_Dataset extract_

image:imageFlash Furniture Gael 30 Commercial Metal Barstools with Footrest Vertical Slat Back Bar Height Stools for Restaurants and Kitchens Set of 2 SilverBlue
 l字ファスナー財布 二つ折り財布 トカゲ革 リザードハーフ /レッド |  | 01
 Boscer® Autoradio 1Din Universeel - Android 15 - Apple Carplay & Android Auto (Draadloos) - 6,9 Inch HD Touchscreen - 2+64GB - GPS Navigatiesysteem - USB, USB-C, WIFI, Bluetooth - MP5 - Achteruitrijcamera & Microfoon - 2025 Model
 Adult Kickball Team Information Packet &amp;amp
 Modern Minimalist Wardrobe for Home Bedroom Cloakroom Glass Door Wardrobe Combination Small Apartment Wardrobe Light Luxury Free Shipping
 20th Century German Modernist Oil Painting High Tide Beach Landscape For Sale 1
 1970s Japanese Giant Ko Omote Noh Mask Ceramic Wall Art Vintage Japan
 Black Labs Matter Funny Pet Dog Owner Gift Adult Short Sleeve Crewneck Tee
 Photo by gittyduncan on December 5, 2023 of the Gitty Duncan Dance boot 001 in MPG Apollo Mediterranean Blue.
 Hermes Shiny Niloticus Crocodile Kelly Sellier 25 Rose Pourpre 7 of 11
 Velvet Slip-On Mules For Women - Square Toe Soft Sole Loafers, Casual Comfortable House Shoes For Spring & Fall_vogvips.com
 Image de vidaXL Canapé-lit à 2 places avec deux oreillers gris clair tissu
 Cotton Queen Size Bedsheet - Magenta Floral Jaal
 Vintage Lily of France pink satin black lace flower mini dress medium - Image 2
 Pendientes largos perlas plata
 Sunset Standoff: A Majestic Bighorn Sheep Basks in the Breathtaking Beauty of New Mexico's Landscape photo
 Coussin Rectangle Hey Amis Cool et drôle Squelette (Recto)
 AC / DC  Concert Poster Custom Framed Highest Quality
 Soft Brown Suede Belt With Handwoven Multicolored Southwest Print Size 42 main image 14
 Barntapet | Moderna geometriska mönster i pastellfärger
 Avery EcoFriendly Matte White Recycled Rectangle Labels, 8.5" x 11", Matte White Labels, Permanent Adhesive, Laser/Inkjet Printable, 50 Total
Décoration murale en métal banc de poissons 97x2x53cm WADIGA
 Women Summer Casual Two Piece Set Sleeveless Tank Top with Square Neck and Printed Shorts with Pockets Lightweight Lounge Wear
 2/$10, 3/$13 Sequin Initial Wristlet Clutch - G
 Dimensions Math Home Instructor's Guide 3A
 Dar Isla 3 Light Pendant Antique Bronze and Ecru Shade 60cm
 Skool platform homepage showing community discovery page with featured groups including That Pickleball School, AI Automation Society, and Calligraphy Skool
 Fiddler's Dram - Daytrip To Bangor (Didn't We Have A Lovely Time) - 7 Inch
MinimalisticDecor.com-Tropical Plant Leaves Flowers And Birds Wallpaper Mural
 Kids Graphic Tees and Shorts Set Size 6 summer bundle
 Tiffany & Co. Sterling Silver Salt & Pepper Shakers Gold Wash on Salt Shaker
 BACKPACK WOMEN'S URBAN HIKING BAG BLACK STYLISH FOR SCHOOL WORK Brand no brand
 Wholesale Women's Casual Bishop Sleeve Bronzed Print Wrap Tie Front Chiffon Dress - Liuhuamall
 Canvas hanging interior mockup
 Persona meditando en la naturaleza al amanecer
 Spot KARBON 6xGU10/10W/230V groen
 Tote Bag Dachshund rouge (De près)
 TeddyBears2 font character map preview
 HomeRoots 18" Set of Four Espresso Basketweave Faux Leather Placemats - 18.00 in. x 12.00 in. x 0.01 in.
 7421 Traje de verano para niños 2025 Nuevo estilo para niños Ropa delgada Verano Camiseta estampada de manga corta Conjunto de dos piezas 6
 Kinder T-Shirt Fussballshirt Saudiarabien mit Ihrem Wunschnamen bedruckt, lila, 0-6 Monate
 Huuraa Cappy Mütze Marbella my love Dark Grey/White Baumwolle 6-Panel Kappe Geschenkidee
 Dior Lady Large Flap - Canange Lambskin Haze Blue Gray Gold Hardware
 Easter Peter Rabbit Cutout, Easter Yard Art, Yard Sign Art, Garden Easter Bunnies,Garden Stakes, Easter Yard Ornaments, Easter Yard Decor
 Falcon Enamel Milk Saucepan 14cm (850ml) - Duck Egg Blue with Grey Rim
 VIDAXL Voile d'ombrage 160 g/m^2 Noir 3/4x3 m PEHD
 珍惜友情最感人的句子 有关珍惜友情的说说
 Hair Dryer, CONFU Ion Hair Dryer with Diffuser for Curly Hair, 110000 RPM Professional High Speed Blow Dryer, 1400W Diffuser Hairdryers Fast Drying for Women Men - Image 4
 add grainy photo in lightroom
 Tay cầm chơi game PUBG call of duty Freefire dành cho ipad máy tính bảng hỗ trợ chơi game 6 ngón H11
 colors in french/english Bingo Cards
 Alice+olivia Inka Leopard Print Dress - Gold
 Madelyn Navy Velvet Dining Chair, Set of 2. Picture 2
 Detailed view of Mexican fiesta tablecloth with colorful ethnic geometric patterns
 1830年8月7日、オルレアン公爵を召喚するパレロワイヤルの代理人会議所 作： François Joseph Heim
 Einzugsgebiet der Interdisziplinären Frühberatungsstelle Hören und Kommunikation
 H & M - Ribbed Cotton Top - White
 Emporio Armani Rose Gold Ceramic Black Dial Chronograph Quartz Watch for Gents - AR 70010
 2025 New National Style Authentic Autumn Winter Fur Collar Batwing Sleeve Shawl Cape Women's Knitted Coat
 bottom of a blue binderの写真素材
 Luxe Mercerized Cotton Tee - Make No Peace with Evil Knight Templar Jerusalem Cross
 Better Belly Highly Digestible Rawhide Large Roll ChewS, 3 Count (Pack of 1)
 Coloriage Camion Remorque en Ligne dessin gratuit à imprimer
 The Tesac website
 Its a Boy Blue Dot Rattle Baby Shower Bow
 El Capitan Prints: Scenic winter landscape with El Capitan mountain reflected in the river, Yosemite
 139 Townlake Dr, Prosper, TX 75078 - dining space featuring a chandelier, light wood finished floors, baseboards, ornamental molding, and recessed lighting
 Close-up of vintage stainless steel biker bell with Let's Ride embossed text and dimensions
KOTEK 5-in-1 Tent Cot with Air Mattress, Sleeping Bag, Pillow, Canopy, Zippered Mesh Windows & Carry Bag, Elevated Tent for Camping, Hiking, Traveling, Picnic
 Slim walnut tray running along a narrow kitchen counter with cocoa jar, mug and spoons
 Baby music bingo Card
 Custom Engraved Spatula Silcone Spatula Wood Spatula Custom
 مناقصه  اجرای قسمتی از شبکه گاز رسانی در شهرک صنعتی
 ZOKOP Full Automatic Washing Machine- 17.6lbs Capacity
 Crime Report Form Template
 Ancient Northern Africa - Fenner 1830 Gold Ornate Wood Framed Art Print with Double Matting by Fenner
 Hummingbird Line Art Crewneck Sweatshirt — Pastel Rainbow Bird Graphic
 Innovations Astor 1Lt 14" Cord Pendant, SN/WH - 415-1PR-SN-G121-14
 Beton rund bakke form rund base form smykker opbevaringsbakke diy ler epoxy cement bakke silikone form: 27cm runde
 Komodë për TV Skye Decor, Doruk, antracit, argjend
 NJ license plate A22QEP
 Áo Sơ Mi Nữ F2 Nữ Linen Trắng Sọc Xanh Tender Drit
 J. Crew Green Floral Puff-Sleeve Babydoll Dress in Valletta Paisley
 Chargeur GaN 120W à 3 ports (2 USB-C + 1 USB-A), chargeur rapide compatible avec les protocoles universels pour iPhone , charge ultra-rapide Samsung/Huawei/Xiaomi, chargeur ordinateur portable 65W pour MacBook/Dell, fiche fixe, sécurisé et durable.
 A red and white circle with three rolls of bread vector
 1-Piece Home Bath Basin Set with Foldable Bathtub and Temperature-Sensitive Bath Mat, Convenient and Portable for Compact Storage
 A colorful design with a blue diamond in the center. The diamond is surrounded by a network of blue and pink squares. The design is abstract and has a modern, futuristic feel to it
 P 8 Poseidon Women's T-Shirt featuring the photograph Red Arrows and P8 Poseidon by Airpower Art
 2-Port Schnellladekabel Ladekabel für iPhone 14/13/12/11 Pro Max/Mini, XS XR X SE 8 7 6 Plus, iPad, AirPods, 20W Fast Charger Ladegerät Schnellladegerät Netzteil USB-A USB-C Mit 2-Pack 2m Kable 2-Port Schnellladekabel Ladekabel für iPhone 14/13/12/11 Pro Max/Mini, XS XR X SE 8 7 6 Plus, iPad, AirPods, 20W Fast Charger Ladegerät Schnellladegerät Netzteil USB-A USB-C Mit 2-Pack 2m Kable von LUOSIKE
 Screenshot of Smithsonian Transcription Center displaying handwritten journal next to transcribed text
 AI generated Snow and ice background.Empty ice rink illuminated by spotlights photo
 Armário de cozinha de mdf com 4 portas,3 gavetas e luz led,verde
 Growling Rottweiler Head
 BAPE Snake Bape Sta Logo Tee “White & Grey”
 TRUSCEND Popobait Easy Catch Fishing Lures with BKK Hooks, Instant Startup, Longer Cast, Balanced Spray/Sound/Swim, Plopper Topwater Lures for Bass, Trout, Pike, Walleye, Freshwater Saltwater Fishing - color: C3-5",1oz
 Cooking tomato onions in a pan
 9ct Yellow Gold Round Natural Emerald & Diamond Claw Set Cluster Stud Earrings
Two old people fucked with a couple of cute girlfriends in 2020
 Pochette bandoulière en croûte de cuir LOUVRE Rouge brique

_How to complete this task_
Would you print exactly, and only, the lines of the data above from the line with "Persona meditando en" through the line with "Emporio Armani Rose", inclusive?

_Task answer_
 Persona meditando en la naturaleza al amanecer
 Spot KARBON 6xGU10/10W/230V groen
 Tote Bag Dachshund rouge (De près)
 TeddyBears2 font character map preview
 HomeRoots 18" Set of Four Espresso Basketweave Faux Leather Placemats - 18.00 in. x 12.00 in. x 0.01 in.
 7421 Traje de verano para niños 2025 Nuevo estilo para niños Ropa delgada Verano Camiseta estampada de manga corta Conjunto de dos piezas 6
 Kinder T-Shirt Fussballshirt Saudiarabien mit Ihrem Wunschnamen bedruckt, lila, 0-6 Monate
 Huuraa Cappy Mütze Marbella my love Dark Grey/White Baumwolle 6-Panel Kappe Geschenkidee
 Dior Lady Large Flap - Canange Lambskin Haze Blue Gray Gold Hardware
 Easter Peter Rabbit Cutout, Easter Yard Art, Yard Sign Art, Garden Easter Bunnies,Garden Stakes, Easter Yard Ornaments, Easter Yard Decor
 Falcon Enamel Milk Saucepan 14cm (850ml) - Duck Egg Blue with Grey Rim
 VIDAXL Voile d'ombrage 160 g/m^2 Noir 3/4x3 m PEHD
 珍惜友情最感人的句子 有关珍惜友情的说说
 Hair Dryer, CONFU Ion Hair Dryer with Diffuser for Curly Hair, 110000 RPM Professional High Speed Blow Dryer, 1400W Diffuser Hairdryers Fast Drying for Women Men - Image 4
 add grainy photo in lightroom
 Tay cầm chơi game PUBG call of duty Freefire dành cho ipad máy tính bảng hỗ trợ chơi game 6 ngón H11
 colors in french/english Bingo Cards
 Alice+olivia Inka Leopard Print Dress - Gold
 Madelyn Navy Velvet Dining Chair, Set of 2. Picture 2
 Detailed view of Mexican fiesta tablecloth with colorful ethnic geometric patterns
 1830年8月7日、オルレアン公爵を召喚するパレロワイヤルの代理人会議所 作： François Joseph Heim
 Einzugsgebiet der Interdisziplinären Frühberatungsstelle Hören und Kommunikation
 H & M - Ribbed Cotton Top - White
 Emporio Armani Rose Gold Ceramic Black Dial Chronograph Quartz Watch for Gents - AR 70010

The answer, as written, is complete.